1.3 Research Questions
- To what extent has population impacted on demand for imported consumable goods?
- Do long-run relationship exist between population and demand for imported consumable goods?
1.4 Objectives Of The Study
The major objectives are as follows
- To empirically investigate the impact of population on Demand for imported consumable goods in Nigeria.
- To ascertain the extent of long-run relationship existing between population and demand for imported consumable goods in Nigeria.
1.5 Hypothesis Of The Study
The hypothesis of the study are started below to guide the researcher.
Ho: Population do not have impact on demand for imported consumable goods in Nigeria economy
Ho: There is no long run relationship existing between population and demand for imported consumable goods.
1.6 Significance Of The Study
This study will help to change consumption patterns of foreign goods to indigenous goods.

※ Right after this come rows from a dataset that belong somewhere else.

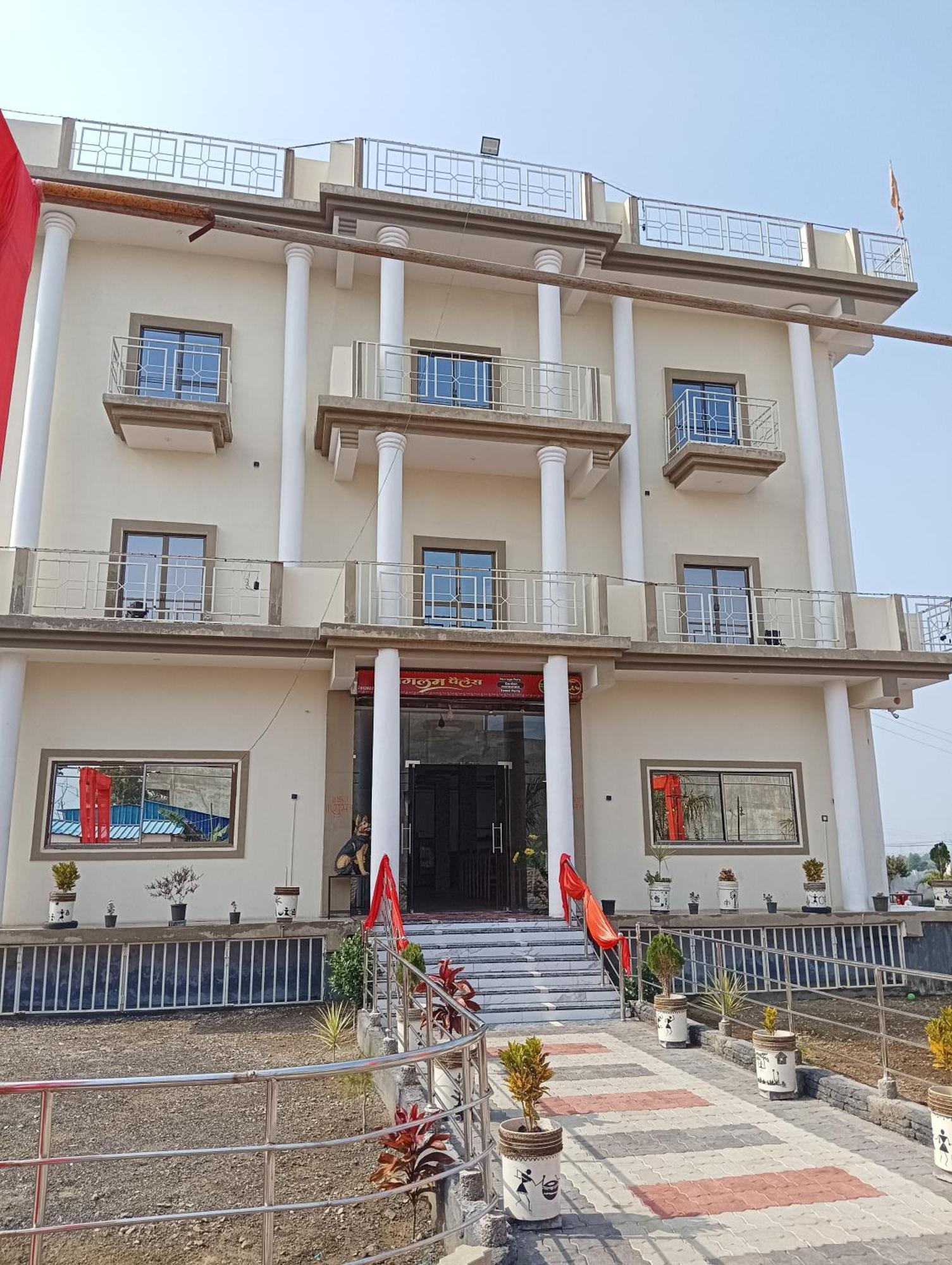 Mangalam Palace Seoni  Exteriér fotografie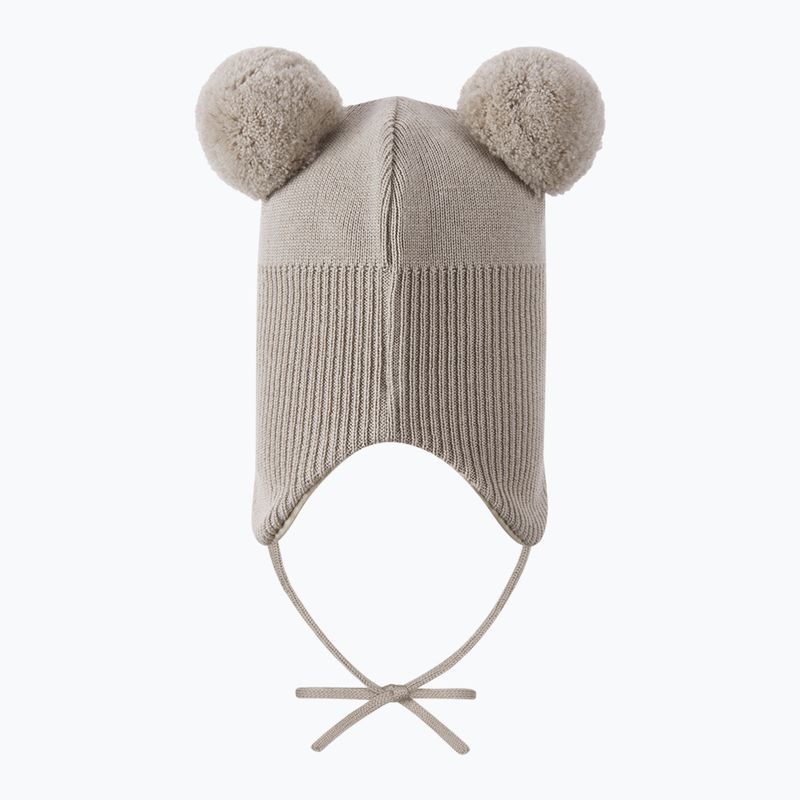 Dětská zimní čepice Reima Kumpi earthy beige 2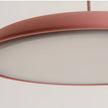 Elegant Disc Pendant Lamp – Nordic-Inspired Acrylic Ceiling Light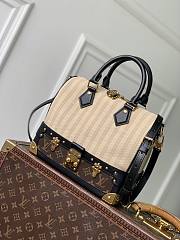 LV Speedy Bandouliere 22 Beige/Monogram M28761 - 24x22x12cm - 2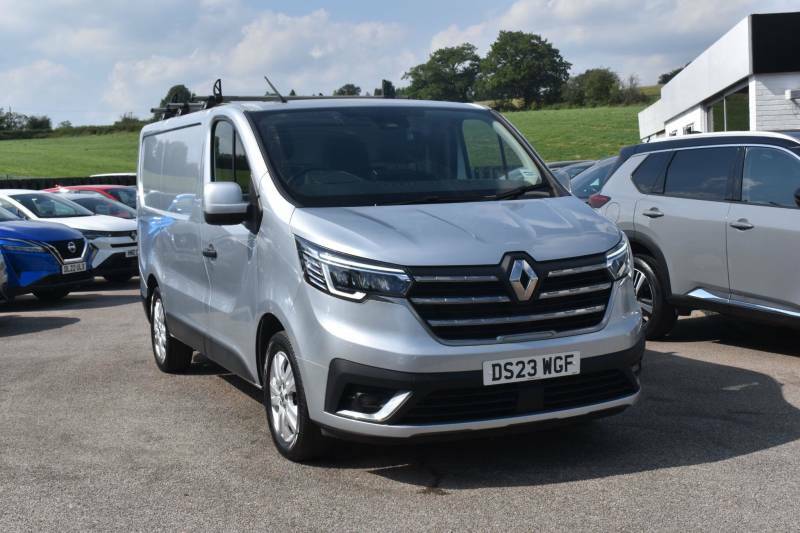 Renault Trafic 2.0 Dci Blue Ll30 Sport L2 H1 Euro 6 Ss Grey #5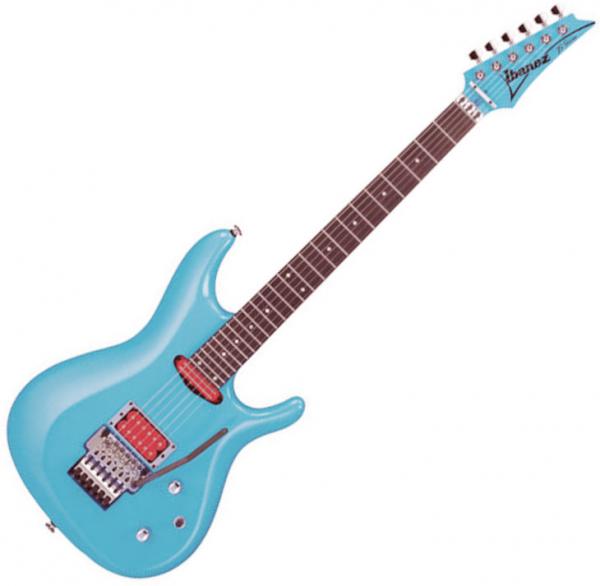 Solidbody e-gitarre Ibanez Joe Satriani JS2410 SYB Prestige Japan - Sky blue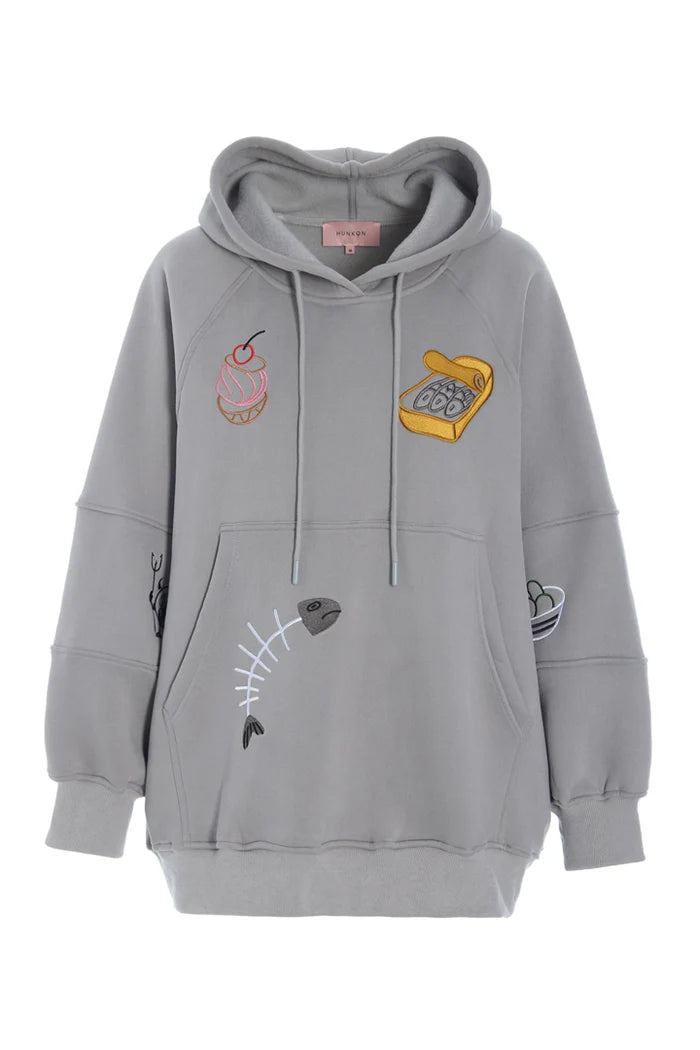 Buster Hoodie - Grey
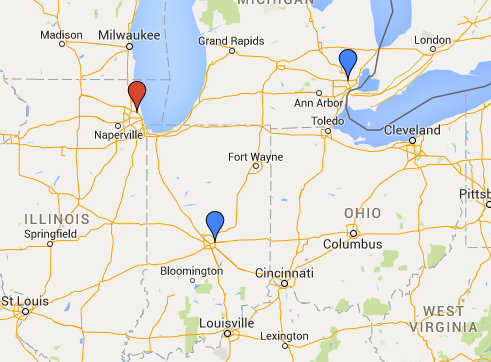 Courtesy of Google Maps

It will help to create sustainable development and a high living standard for all Nigerians. It will also serve as a guide to economic student for further research and those in the related field of study. It will also help to form appropriate device for right policy formations for solving economic problems.
1.7 Scopes And Limitations Of The Study
The project covers all the facet of population on demand for imported consumable goods. The time frame of this project is 1981-2014 was chosen because it allows an analysis of the import of consumable goods and the impact population had on it. This study is basically restricted to the impact of population on demand for imported consumable goods on the Nigeria economy growth. The researcher was not able to gather all the necessary materials from all the secondary sources needed for the study. Also as a student still dependent. She is limited by finance that would have ensured consistency. Combining the research with academic work was also not easy.